From: Nicolas Pitre <nico@cam.org>
To: Dana How <danahow@gmail.com>
Cc: Jakub Narebski <jnareb@gmail.com>, git@vger.kernel.org
Subject: Re: If you would write git from scratch now, what would you change?
Date: Mon, 26 Nov 2007 15:55:43 -0500 (EST) [thread overview]
Message-ID: <alpine.LFD.0.99999.0711261529080.9605@xanadu.home> (raw)
In-Reply-To: <56b7f5510711261217h56214321xb7acd9851b677dd6@mail.gmail.com>
On Mon, 26 Nov 2007, Dana How wrote:
> On Nov 26, 2007 11:52 AM, Nicolas Pitre <nico@cam.org> wrote:
> > On Mon, 26 Nov 2007, Dana How wrote:
> > > Currently data can be quickly copied from pack to pack,
> > > but data cannot be quickly copied blob->pack or pack->blob
> > I don't see why you would need the pack->blob copy normally.
> True, but that doesn't change the main point.
Sure, but let's not go overboard either.
> > > (there was an alternate blob format that supported this,
> > > but it was deprecated). Using the pack format for blobs
> > > would fix this.
> >
> > Then you can do just that for big enough blobs where "big enough" is
> > configurable: encapsulate them in a pack instead of a loose object.
> > Problem solved. Sure you'll end up with a bunch of packs containing
> > only one blob object, but given that those blobs are so large to be a
> > problem in your work flow when written out as loose objects, then they
> > certainly must be few enough not to cause an explosion in the number of
> > packs.
> Are you suggesting that "git add" create a new pack containing
> one blob when the blob is big enough?
Exactly.
> Re-using (part of) the pack format
> in a blob (or maybe only some blobs) seems like less code change.
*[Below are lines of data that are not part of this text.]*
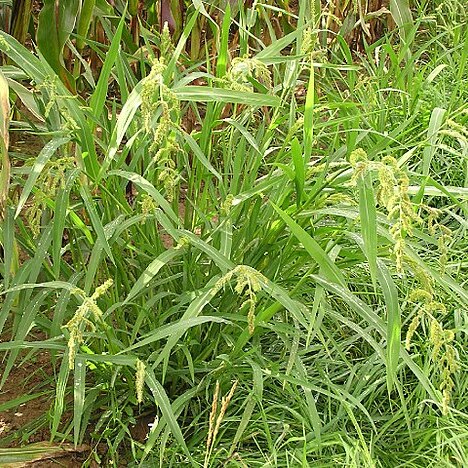 Echinochloa oryzoides unspecified picture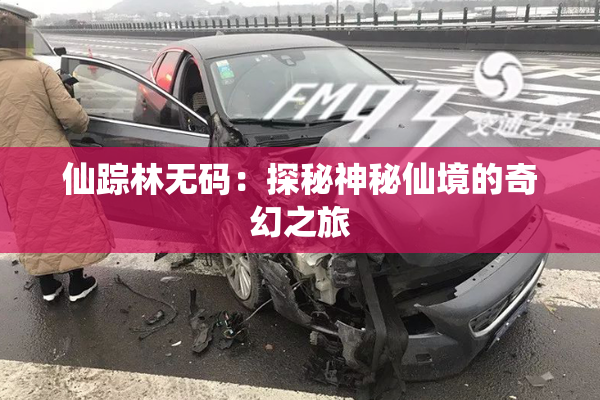 仙踪林无码：探秘神秘仙境的奇幻之旅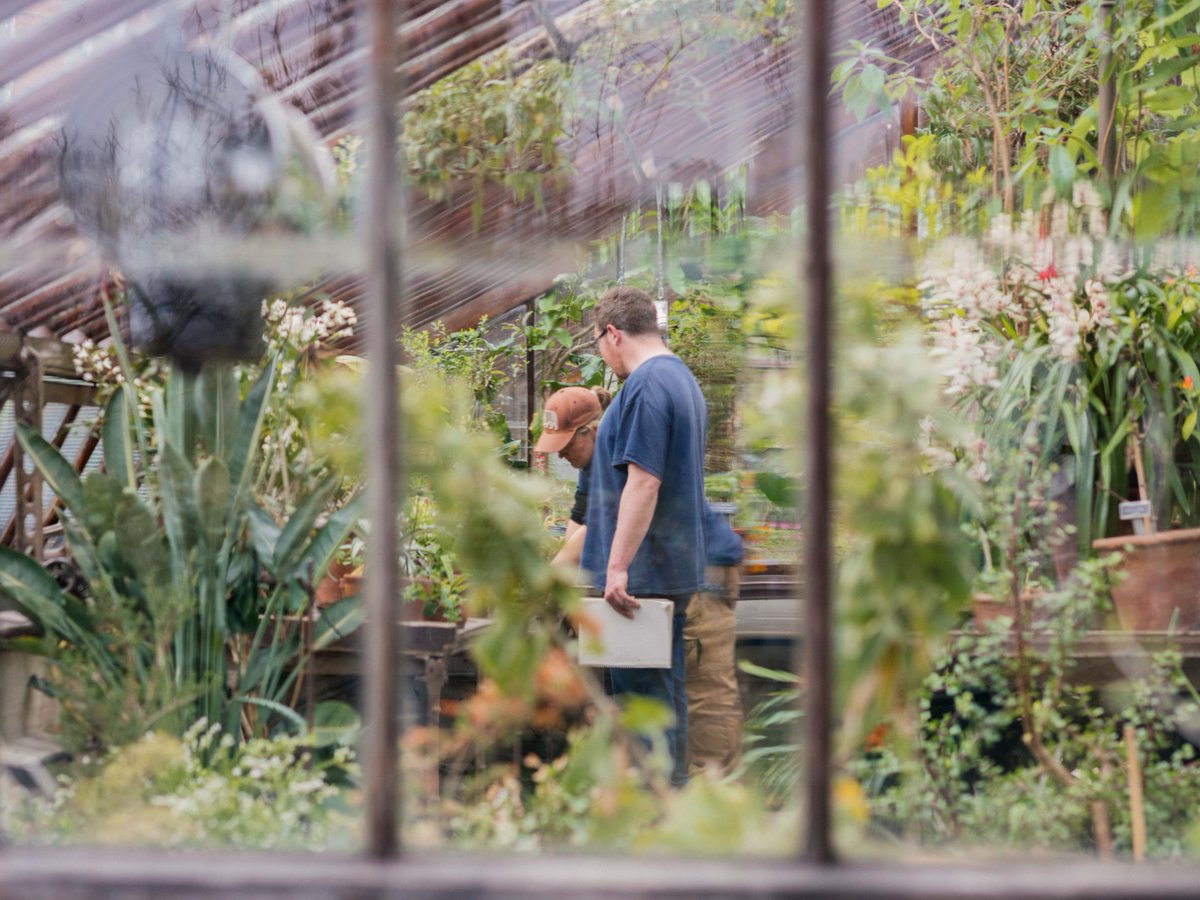 Job vacancy announcement! We are hiring for a Head of Plant Collections. Do you have a passion for plants? Are you looking to make the next step in your career? Apply via our website to join our friendly team. 🌱 Closes: Sunday 28 April. #horticulturejobs #vacancy #hiring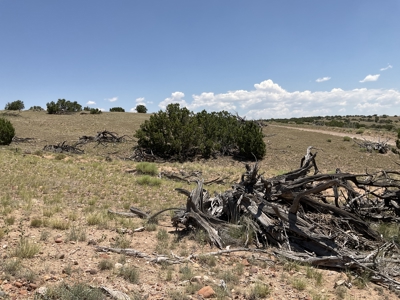 72-Acre Ranch in Saint Johns, Arizona for Sale - Off-Grid Living! - image 30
Don't know what you mean exactly here, but what I mean is to do
something as simple as:
pretend_sha1_file(...);
add_object_entry(...);
write_pack_file();
when the buffer to make a blob from is larger than a configured
treshold.
> > > It would also mean blobs wouldn't need to
> > > be uncompressed to get the blob type or size I believe.
> >
> > They already don't.
> It looks like sha1_file.c:parse_sha1_header() works on a buffer
> filled in by sha1_file.c:unpack_sha1_header() by calling inflate(), right?
>
> It is true you don't have to uncompress the *entire* blob.
Right. Only the first 16 bytes or so need to be uncompressed.
> > > The equivalent operation in git would require the creation of
> > > the blob, and then of a temporary pack to send to the server.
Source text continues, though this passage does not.